Re: DATABASE_ROUTERS in settings.py results in Internal Server Error

Hi,

If your project is named myproject and your app is named myapp where
the router is contained. Then you need to set it to the following and
you need to include the Classname as well. So if your AppRouter is
like this which is in the directory myproject.myapp:

AppRouter.py:
Class Router(object)
....

then your settings file should be as follows:

DATABASE_ROUTERS = ['myproject.myapp.AppRouter.Router']

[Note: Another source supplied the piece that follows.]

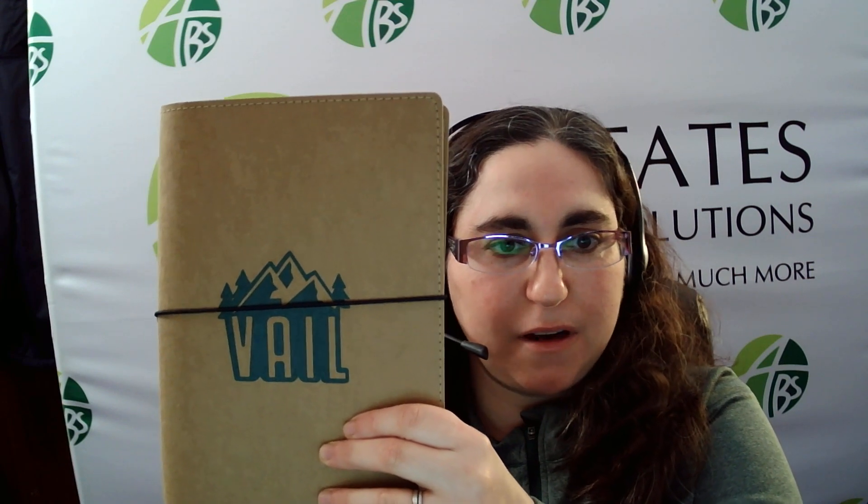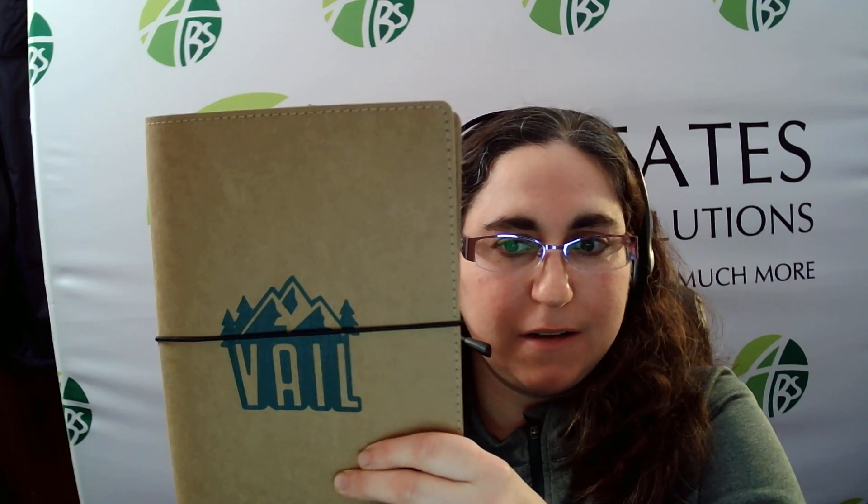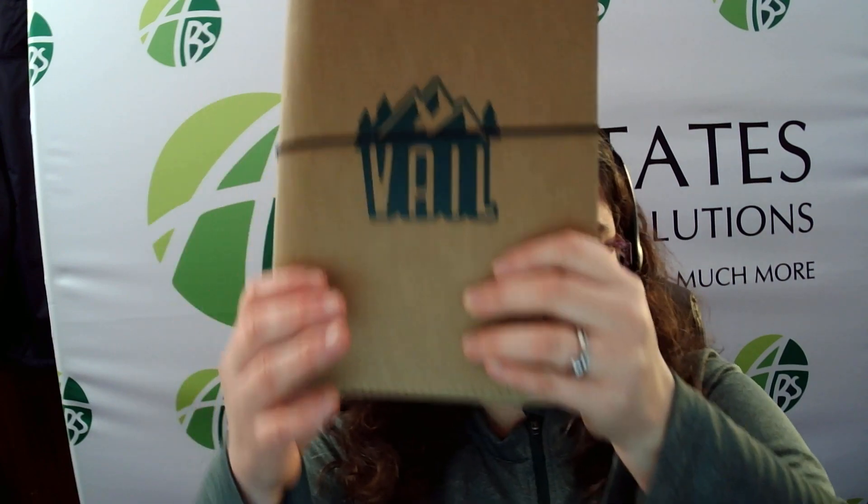Hello, this is Hannah Kerman-Martino with Allstate's Business Solutions. Today, I want to introduce you to the store room. This is a washable craft paper padfolio. It's 6 inches wide by 9 inches high. It has a black elastic strap closure.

Also it should display more than internal server error if you have
DEBUG set to True.

I hope this helps.

Cheers,
Nathan.

On Jun 30, 10:44 am, Michael <hexvec...@gmail.com> wrote:
> I tried to configure a database router according tohttp://docs.djangoproject.com/en/dev/topics/db/multi-db/#an-example.
>
> All my attempts lead to the Django project outputing "Internal Server
> Error" generic message with no further info.
>
> If my project is named 'myproject' and my app named 'myapp' how should
> I configure the DATABASE_ROUTERS setting?
>
> I have a AppRouter.py in the folder: myproject/AppRouter.py
> The absolute path to AppRouter.py is: /home/username/webapps/django/
> myproject/AppRouter.py
>
> My settings.py has the line:
> DATABASE_ROUTERS = ['myproject.AppRouter',]
>
> But it doesn't work. How do I configure a 'python path' is it absolute
> or relative?
>
> Thank you.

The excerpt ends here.